Short web captions:
----
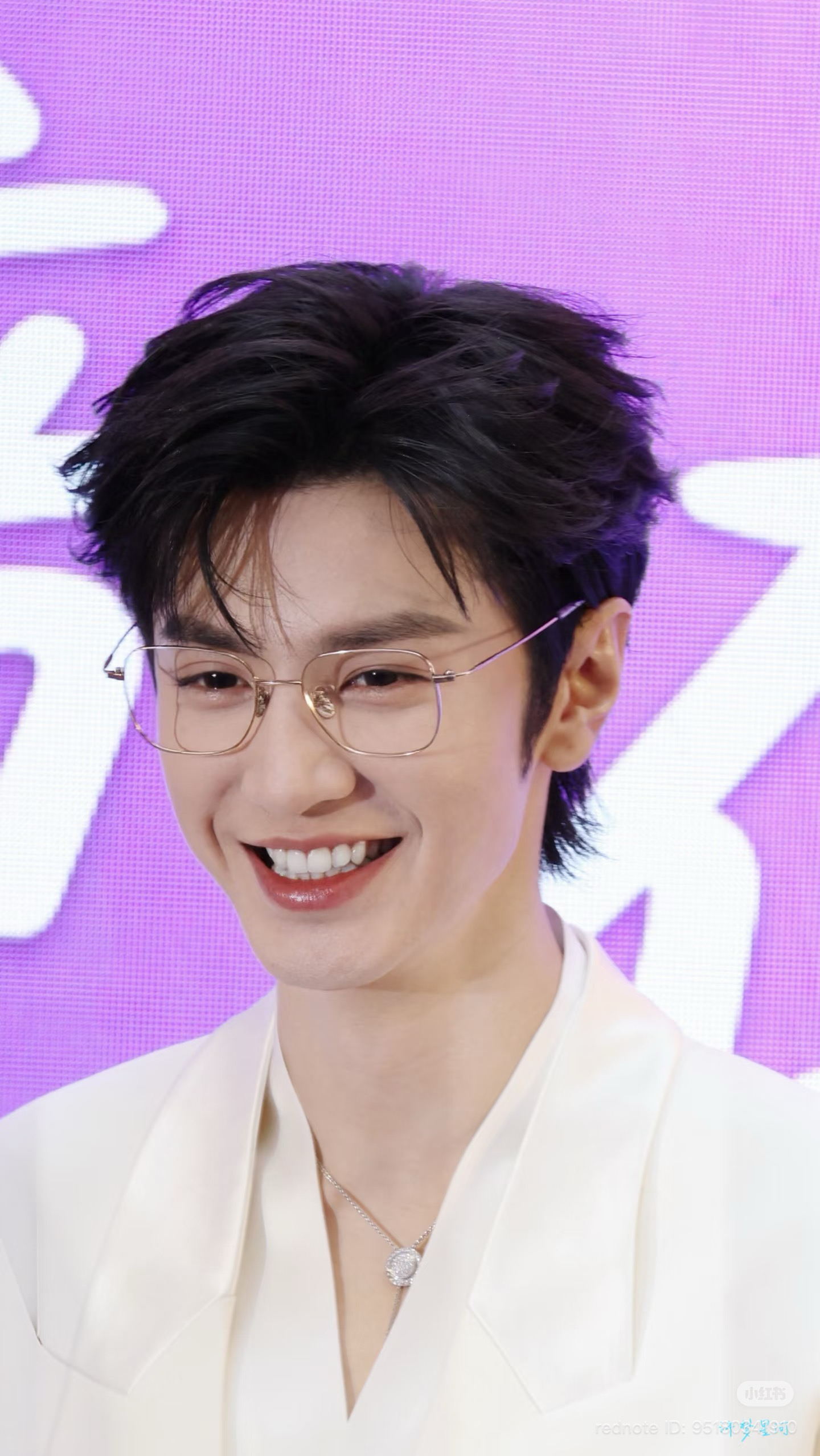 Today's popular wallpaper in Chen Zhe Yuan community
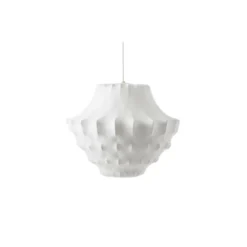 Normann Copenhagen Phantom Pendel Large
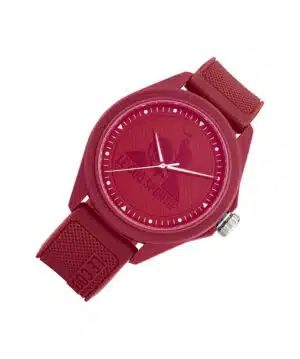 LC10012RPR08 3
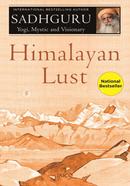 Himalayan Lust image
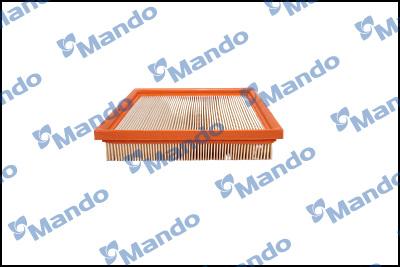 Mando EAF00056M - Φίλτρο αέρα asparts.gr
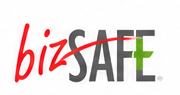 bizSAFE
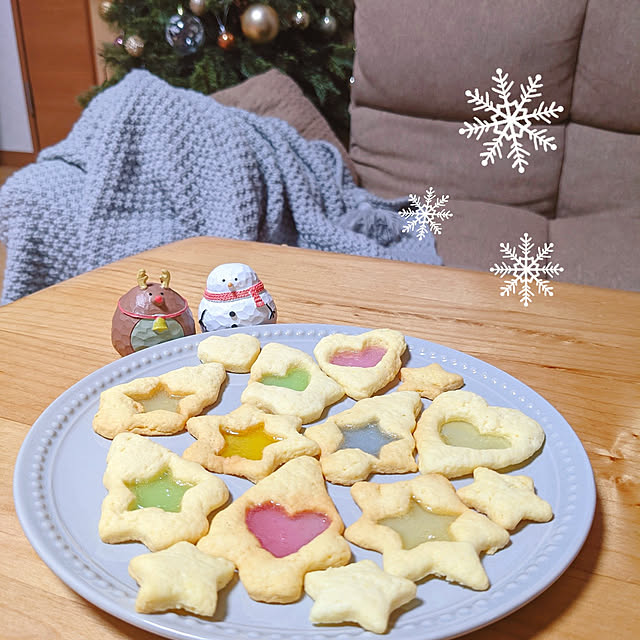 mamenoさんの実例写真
----
Task item - Return exactly the lines from the one containing "Mando EAF00056M - Φίλτρο αέρα asparts.gr" through the end of the records, leaving out every picture.

Reply to the task -
 Mando EAF00056M - Φίλτρο αέρα asparts.gr
 bizSAFE
 mamenoさんの実例写真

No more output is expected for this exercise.